Prayer lifted for mission boards amid controversies

Looking beyond the headlines to God, members of the Southern Baptist Convention’s Executive Committee prayed Feb. 20 for the work of the SBC’s two mission boards.

Addressing controversies that have buffeted the International Mission Board and North American Mission Board in recent weeks, EC president Morris Chapman asked EC chairman and California pastor Rob Zinn to lead in a time of prayer for the two entities.

The IMB had called for the removal of one of its trustees over accountability issues, but the board’s executive committee called Feb. 15 for the request to be dropped in light of accountability guidelines to be proposed by a trustee committee.

NAMB, meanwhile, has challenged the accuracy and fairness of a Feb. 16 analysis piece in The Christian Index, newsjournal of the Georgia Baptist Convention, alleging deficiencies in the entity’s work in evangelism and church planting and its retention of full-time missionaries. NAMB also challenged the paper’s criticism of NAMB president Robert Reccord on outsourcing of initiatives and on his various speaking engagements.

Zinn acknowledged Southern Baptists’ love for the two mission boards in his prayer and that “we as a Southern Baptist people are bound together to do the work of missions and evangelism … .”

Chapman commented after Zinn’s prayer, “There’s nothing in Southern Baptist life that can’t be solved with God’s help. God help us always to realize that he is bigger than any little ripple about anything or any big ripple – God has the answer. Let’s trust him for it.”

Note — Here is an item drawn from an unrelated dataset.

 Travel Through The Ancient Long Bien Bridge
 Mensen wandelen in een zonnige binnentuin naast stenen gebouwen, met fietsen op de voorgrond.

The Executive Committee also approved a 2006-07 Cooperative Program allocation budget of $195,948,423 for recommendation to the Southern Baptist Convention during its June 13-14 annual meeting in Greensboro, N.C.

The proposed budget would continue to allocate 50 percent of receipts to the International Mission Board and 22.79 percent to the North American Mission Board. The percentage allocated to the seminaries remains 21.4 percent. According to the seminary enrollment formula, Southwestern Seminary would receive 4.89 percent; Southern Seminary, 4.65 percent; New Orleans Seminary, 4.47 percent; Southeastern Seminary, 4.13 percent; Golden Gate Seminary, 1.76 percent; and Midwestern Seminary, 1.50 percent.

The Ethics and Religious Liberty Commission would continue to receive 1.49 percent of the budget, and .76 percent would go to GuideStone Financial Resources for its ministry to retired ministers whose annuities were underfunded during their careers.

The SBC operating budget – which encompasses the SBC annual meeting costs and the work of the convention between annual meetings and the Executive Committee – would receive 3.32 percent of the CP budget. The Southern Baptist Historical Library and Archives would receive .24 percent.

In other business, the committee approved a $5 million fundraising campaign by the North American Mission Board as part of its “New Orleans Area Hope” volunteer initiative to rebuild and rehabilitate homes and churches damaged by Hurricane Katrina. The fundraising campaign will begin in March and continue through February 2008.

Also during the meeting, the Ethics and Religious Liberty Commission presented Paige Patterson, president of Southwestern Seminary, with the ERLC’s Richard D. Land Distinguished Service Award.

The certificate for the award described Patterson as a “trusted leader whom God used mightily in the resurgence of Southern Baptist beliefs based on the inerrancy of Holy Scripture.” The certificate also cited Patterson’s faithfulness in “boldly proclaiming the Word of God in all parts of the world as a compassionate pastor, a respected scholar, and a prolific writer” and a “servant of Jesus Christ who is intensely devoted to evangelism and the global mission task of the church.”

Previous recipients of the Distinguished Service Award include Gary Frost (2002), Jimmy Draper (1993), Carl F.H. Henry (1992), Charles Colson (1991), Billy Graham (1983) and former President Jimmy Carter and his wife, Rosalyn Carter (1982).